I called my parents collect, to say that I made it safely. I vowed to be grateful for everything. I did a good job of convincing them that I appreciated the sacrifices they made, saving the money to get me here. I thanked them for all of this and told them how lovely the city was. I tried to convey how certain I was that I would be fluent in a matter of weeks.

I didn’t tell them how cold I was. I didn’t say that I felt trapped in the lack of language or that I didn’t feel particularly close to my roommates. They had always maintained I should stay with a family. And I certainly couldn’t have mentioned that as I walked the Italian streets I should be enjoying, the name of an American boy was just below the surface, repeating over and over like my mantra.

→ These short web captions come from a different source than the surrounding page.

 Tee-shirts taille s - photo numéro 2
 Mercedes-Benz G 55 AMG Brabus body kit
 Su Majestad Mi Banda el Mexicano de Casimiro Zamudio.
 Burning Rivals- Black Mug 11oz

At last indoors in a coffee shop, I stood and tried to remember the system. The men behind the counter were handsome. They held themselves taller. They had the confidence lacking in American boys. They didn’t hunch their shoulders or jut out their chins. What would it take to forget him? Try and replace this set of memories with another. It’s what you were supposed to do. Forget. Move on.

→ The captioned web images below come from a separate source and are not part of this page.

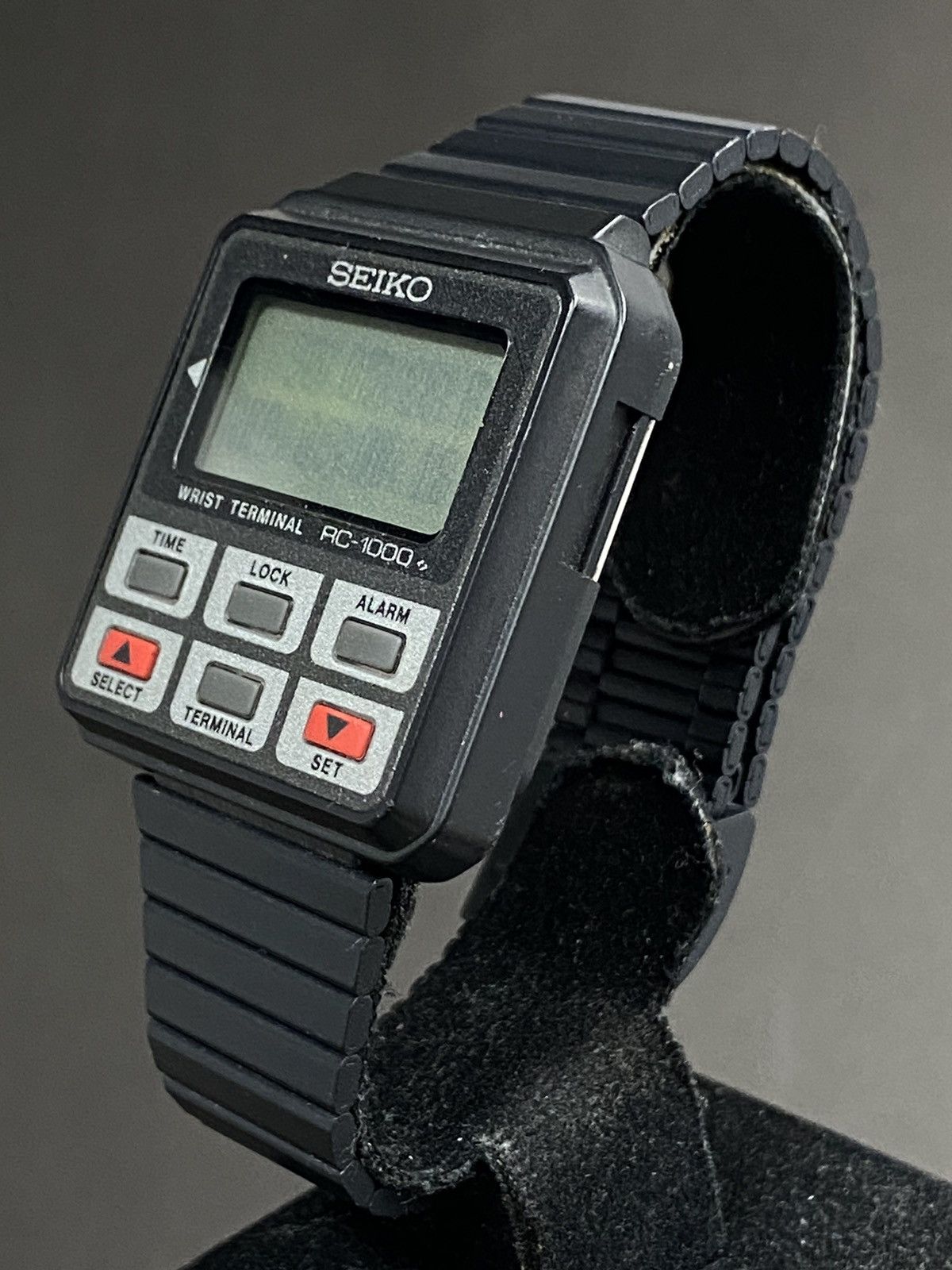 Seiko × Vintage Vintage SEIKO RC-1000 Wrist Terminal Digital Men’s Watch Size ONE SIZE - 4 Thumbnail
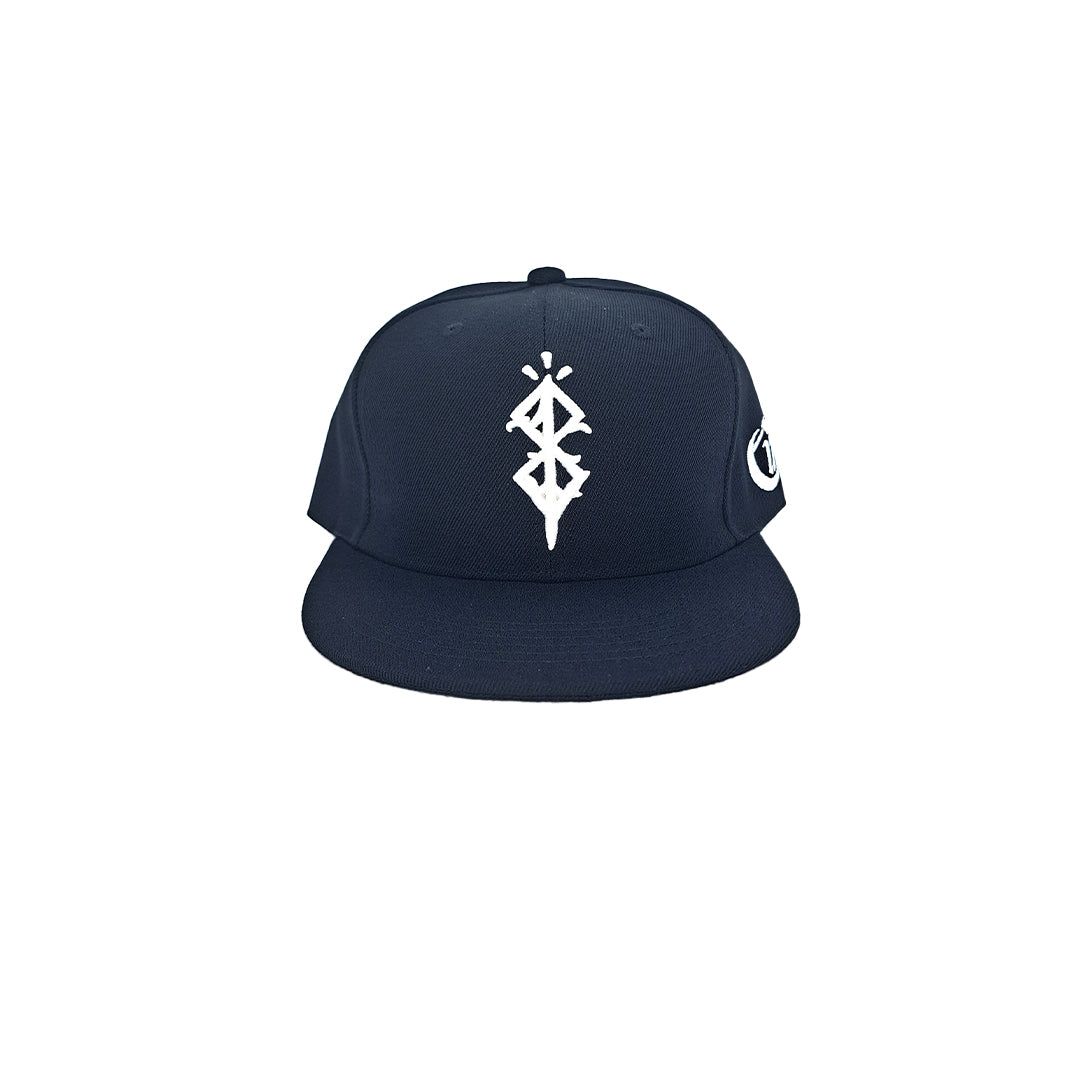 Darcc Planet - Snapback - Black & White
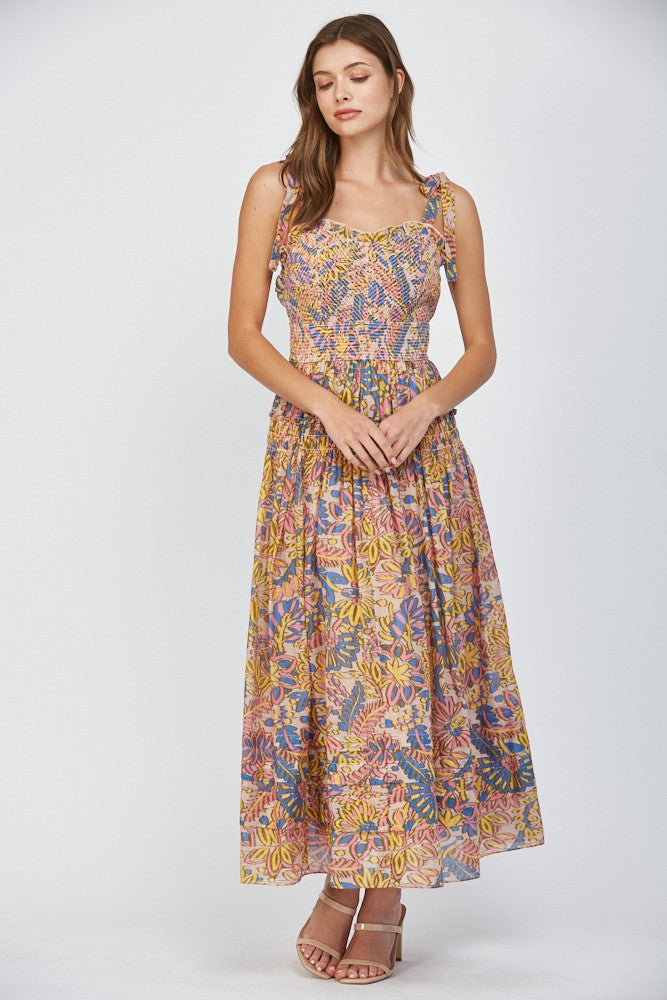 Seychelles Dress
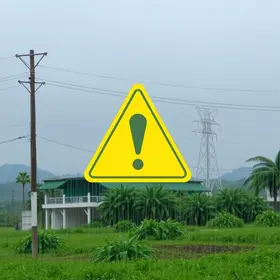 Alerta Amarelo Barbacena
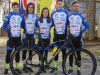 PRESENTATO IL SALESE FACTORY TEAM CHE ANNOVERA OLTRE TRENTA CORRIDORI. CAPITANA DELLA SQUADRA LA CAMPIONESSA DEL FUORISTRADA, GIOVANNA MICHIELETTO. PR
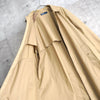 Stand Collar Spring Long Coat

I ordered my cappuccino, unsure of the words and my pronunciation, but the man understood me and placed a cup before me on the bar. For something to do, I added sugar and swirled it into the foam carefully, watching it dissolve.

Older men surrounded me, watching. No one was really openly looking at me. No one was a real threat. The cappuccino warmed me, but it took only so long to drink. Then I had to pay. How to say this?


Pago?
” I asked the man, hesitant again. He leaned closer, smiling. I repeated myself, feeling my eyebrows knit closer together. He said something in his language gesturing toward the door. He nodded at me to see that I understood. I didn’t but pretended that I did, to get out of it. I managed a smile. I nodded. Fortunately, he began helping someone else. He did not return to help me. I was helpless.

I couldn’t figure out how to settle it, what to do. And so I left.

On the street, I was frustrated. I looked ahead five months and wondered if I would ever be able to speak to anyone. What if I could talk only to the women I lived with? What if I starved? Worse, what if I had to rely on Lisa? What if I somehow got grouped with her?